ELISA AU TEMPS PRÉSENT (pages 8 à 12)

ELISA AU TEMPS PRÉSENT (pages 8 à 12)

Elisa

Au temps présent

Elisa sort du cimetière, le cœur lourd, la démarche pesante, incertaine, comme si son corps ne pouvait plus la porter.

Elle ne peut s’empêcher de penser que tout est fini et que toutes ces années de combat n’ont servi à rien.

Il repose désormais ici, dans un caveau froid.

Son fils ne rentrera pas avec elle.

Nathan est mort, mort et enterré.

Certains vont lui dire que la vie continue mais qu’en sera-t-il de sa vie désormais ?

Comment continuer à vivre, en étant amputée d’une partie d’elle-même, de la chair de sa chair ?

Et pourtant, cet enfant qu’elle a porté à bout de bras, pendant trente ans n’a été que soucis pour elle, une bombe à retardement, destructrice de sa santé mentale et physique.

Elle est enfermée dans sa douleur.

- « Maman, attends-moi, je vais chercher la voiture ».

Elle se retourne et sourit douloureusement, en apercevant son fils survivant, Landry, jumeau de Nathan.

Le pauvre est lui-même effondré, mais il essaie de garder bonne contenance, pour ne pas alarmer sa mère.
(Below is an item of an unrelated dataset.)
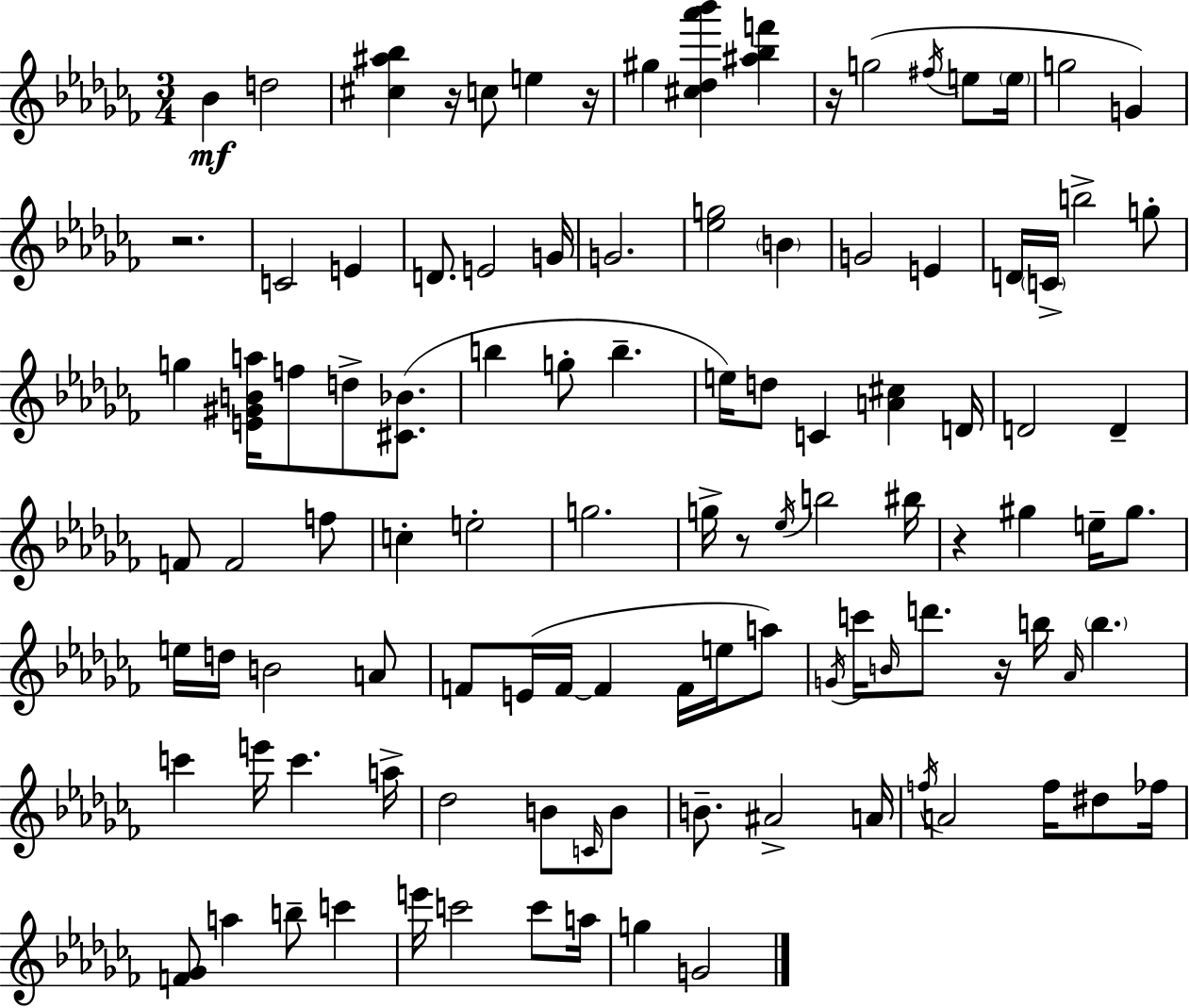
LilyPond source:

Il a lui-aussi soutenu son frère depuis qu’ils étaient tout petits.

Tous deux s’éloignent de ce lieu, où le silence se referme sur les morts, l’oubli protecteur veillant à jamais sur le sommeil des défunts.

Nathan ne souffrira plus.

Nathan ne boira plus.

Nathan dort dans le caveau familial, sous la protection de ceux l’ayant précédé dans ce voyage, le dernier que tout vivant ne peut rater.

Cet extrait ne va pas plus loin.